The sample is passed to an agent loop structure that passes through the following stages:

  1. GenAI creates a regex suggestion based on sample of the data.
  2. Validate accuracy of the regex on all the data to see that we catch it all + run it on a “bad” dataset created from mixing the original string in multiple ways in order to see that its not too general - I.E .* for example.
  3. Pass examples of good and caught, good and not caught, bad and caught, bad and not caught to a reflection agent which explains why the regex is too specific and why it is too general and what should be done to fix these issues.
  4. Pass the reflection with the examples to a fixer agent together will all previous regex tested to create a new “better” version.
  5. Validate again (step 2). Once validation passes with catching all good example and no bad examples we return the result.

Note that these suggestions are only available in field overview.

Architecture and Permissions

🚧

Data Profiler Roles

Data Profiler is only available for users with roles of Account Owner, Domains Manager, and Editor.

The queries executed by the Data Profiler are created in the backend by Monte Carlo and dispatched to the customer's Monte Carlo Agent. The agent executes the query and returns the query response back to our backend which is then returned to the browser.

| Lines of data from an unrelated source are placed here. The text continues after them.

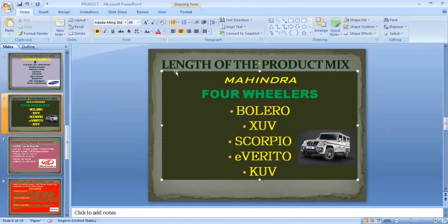Length of the product mix refers to the total number of products in a firm's product mix. For example, consider a car company with two car product lines — three series and five series — and within each product line there are three types of cars. In this example, the product length of the company would be six.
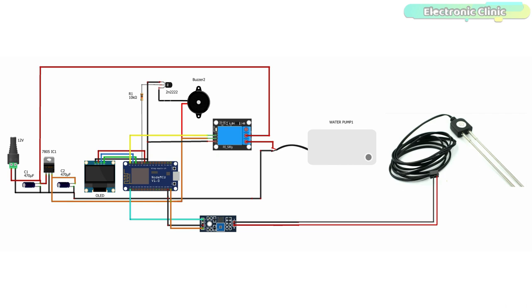The SCK or SCL and SDA pins of the OLED display module are connected with the D1 and D2 pins. D1 is the SCL and D2 is the SDA. The digital pin D0 on the NodeMCU module is used to control the relay module which is used to control the water pump, and digital pin D4 is used to control the 5V buzzer.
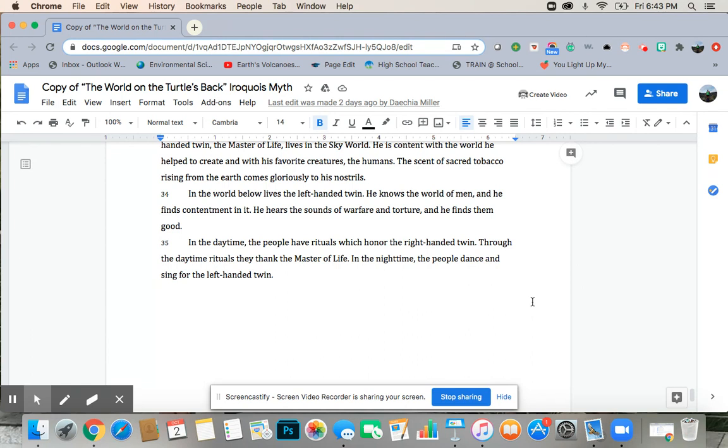Through the daytime rituals, he thanks the master of life. In the nighttime, the people dance and sing for the left-handed twin.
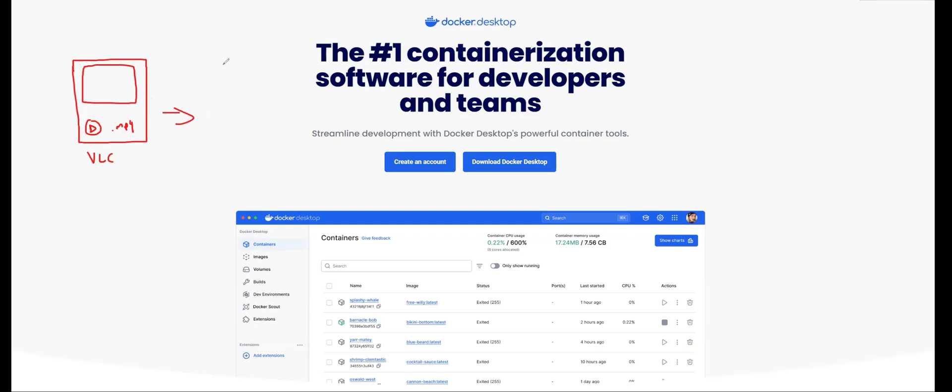Now, if you sent this file over to your friend, your friend is then essentially also going to want to play this file. The only issue here is that your VLC version is version 2, and your friend's VLC version is version 1.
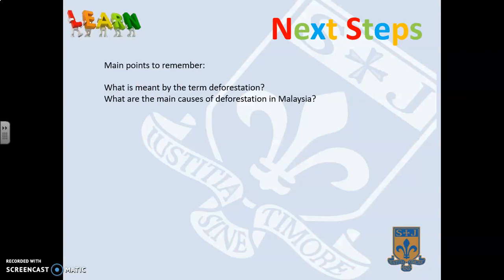So those are all the different causes that make deforestation happen in Malaysia. The main points to remember — and what you'll be working on — are: what is meant by the term deforestation, and what are the main causes of deforestation in Malaysia.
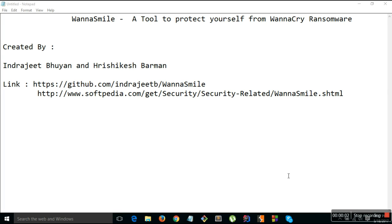Hello everyone, my name is Indradit Bhia. I together with my friend Rishikas Barman have created a tool called WannaSmile which can be used to protect users from WannaCry Ransomware.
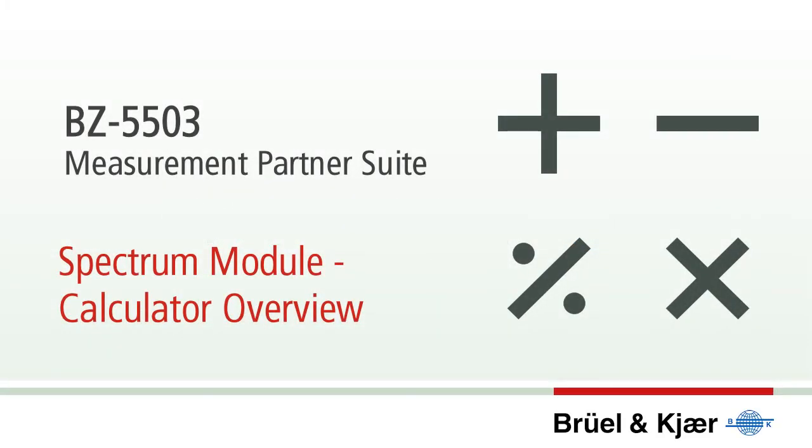The Spectrum module lets you compare spectra from different projects and even carry out a number of operations between them.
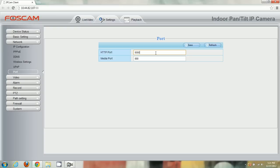Usually we like to use 8080. The media port is something that's completely new to Foscam cameras.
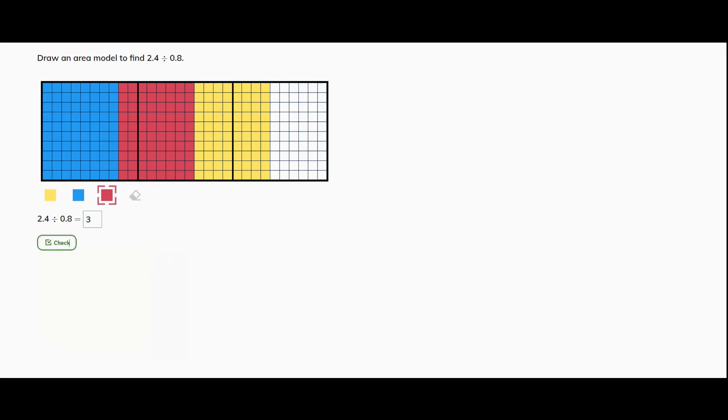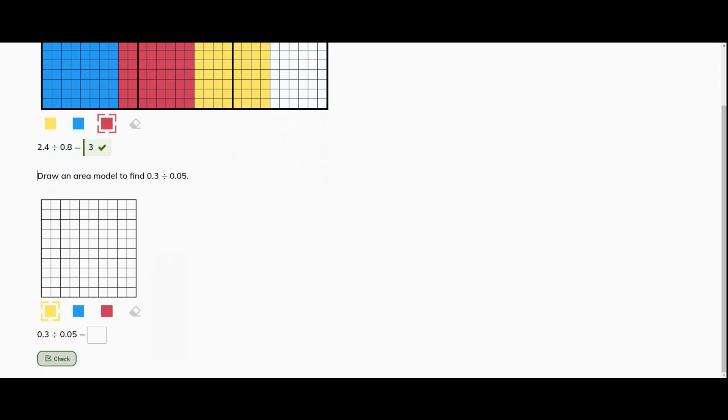So 2.4 divided by 0.8 is three. Okay, so on this one, let's draw an area model to find three tenths divided by five hundredths. Now remember, the hundredths are these little unit cubes. The last question had the tenths, which was the full rod.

Care is taken to ensure that Monte Carlo does not run a large or costly query. By default, Monte Carlo will filter for the trailing week's worth of data using a user-selected time field. If Monte Carlo anticipates that this will query too much data (>20 million records), it pre-emptively suggests that the user select a narrower time window or apply a WHERE clause.

If Monte Carlo anticipates that a query will be too large, it will prompt the user to select a shorter time range or apply. WHERE clause.

If Monte Carlo anticipates that a query will be too large, it will prompt the user to select a shorter time range or apply. WHERE clause.